Becoming a company director gives you a position of authority over the management of your business as well as responsibility for its performance. It is imperative that you understand your duties and responsibilities; general duties as detailed in the Companies Act 2006 as well as specific duties included in your company’s Articles of Association.

The 7 statutory duties for directors are:

Your company’s constitution

The first of your duties as a director is that you must act within your powers under the company’s constitution. The most important part of the company’s constitution are the Articles of Association. These are an important set of rules for your company and for your board. When you registered the company, you may have used the model articles available for private or public companies. Alternatively, you may have created your own tailored articles, normally with the help of a legal advisor.

As a director, it’s important to be familiar with the Articles of Association as they may constrain your decision-making powers in certain ways. If you exceed your powers, then related decisions could be reversed and you might even have to compensate the company for any resulting financial losses.


Promoting the success of the company

The second major duty of a company director is to promote the success of the company. This is probably the most well-known of the 7 duties and it may seem like an obvious task. The duty states  that a director must act in a way that they consider promotes the success of the company for the benefit of its members (shareholders) as a whole. When making key decisions, directors must also consider the likely consequences for various stakeholders, including employees, suppliers, customers, shareholders (including minority shareholders) and communities. They should also consider the impact on the environment, the reputation of the company and company success in the longer term. From the beginning of 2019, a new reporting requirement means that larger companies (with more than 250 employees) will have to explain how they have fulfilled this duty in their annual report.


Independent judgement

The third major duty requires directors to exercise independent judgement. Directors are meant to develop their own informed view on the company’s activities. It could be that a director delegates certain matters to others with specialist expertise, but the director must exercise independent judgement in deciding to delegate and  whether or not to follow that advice. A director needs to form their own view, and this may require some effort – especially if they are not already familiar with key aspects of the company’s activities.


Exercise reasonable care, skill and diligence

There was a time when directors could be appointed purely for their name or reputation, without the expectation that they would actually do any work as a board member. Those days are now over due to the duty for directors to exercise reasonable skill, care and diligence in their role. The benchmark is that of a reasonably diligent person with the general knowledge, skill and experience that could reasonably be expected from a person carrying out the director’s functions.


Conflicts of interest

Directors must avoid conflicts of interest and avoid situations where there is a direct or indirect interest of theirs that conflicts with the interests of the company.

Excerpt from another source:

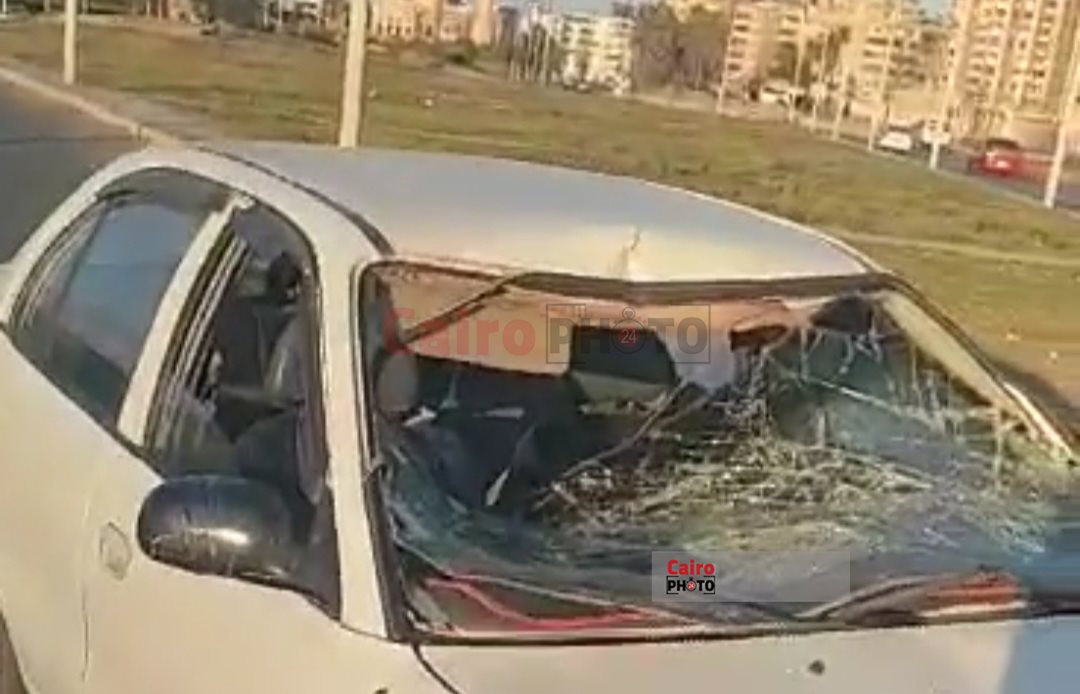 عجل يهشم سيارة ببورسعيد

Not accepting benefits or gifts

A director must not accept any benefit (e.g. a bribe) from a third party. Gifts or benefits from third parties are seen as  a potential threat to a director’s objectivity.


Declare interests

Most importantly, directors have a statutory duty to disclose any direct or indirect interest in proposed or existing transactions or arrangements with the company. This prohibits the exploitation of the position of a director for personal benefit.   Examples of conflicts of interest include situations where the director has relationships of a business or personal nature with persons or entities that are affected by the company’s activities.

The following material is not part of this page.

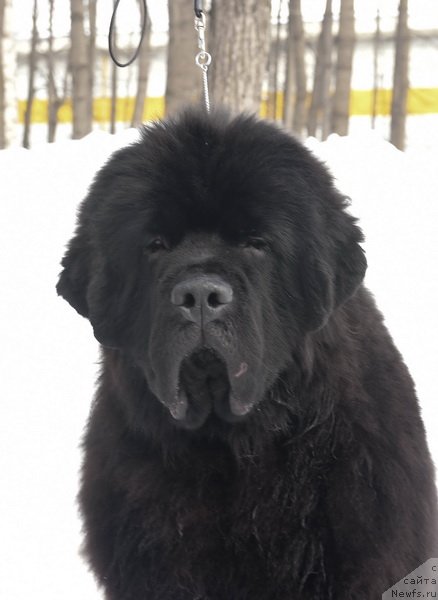 Фото: ньюфаундленд Сент Джонс Фантом (Sent Djons Fantom)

It’s also important to note that a director must document their adherence to these 7 statutory duties by means of record keeping, to include:


Accounting records

Directors are responsible for ensuring up to date accounting records for the business are kept, usually with professional advice from an accountant.

Minutes of board meetings

Minutes of each board meeting must be kept  and by law, these minutes must be kept for 10 years.

Companies house records

Directors are also responsible for ensuring that the company’s details are up to date at Companies House, including

  • the confirmation statement;
  • the annual accounts;
  • any change in your company’s officers or their personal details;
  • a change to your company’s registered office;
  • allotment of shares;
  • registration of charges (mortgage);
  • any change in your company’s people with significant control (PSC) details.

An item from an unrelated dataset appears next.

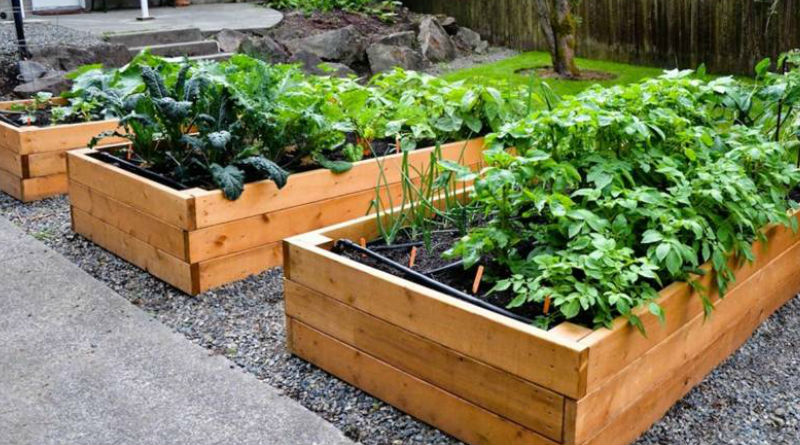 Huerto en la terraza: cómo hacer una huerta en casa paso a paso - Bien hecho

In addition to those listed above, directors have other duties that are not set out in legislation, also known as non-statutory duties,  which are also important.  This includes things like not misusing the company’s property and applying confidentiality about the affairs of the company.

It’s important to note that certain duties will continue even if you have resigned as a director- including avoiding conflicts of interest and not accepting gifts or benefits from 3rd parties. A director’s duties continue when a company enters into an insolvency process. Resigning as a director shortly before or during an insolvency process does not relieve you from the duties and responsibilities noted outlined above.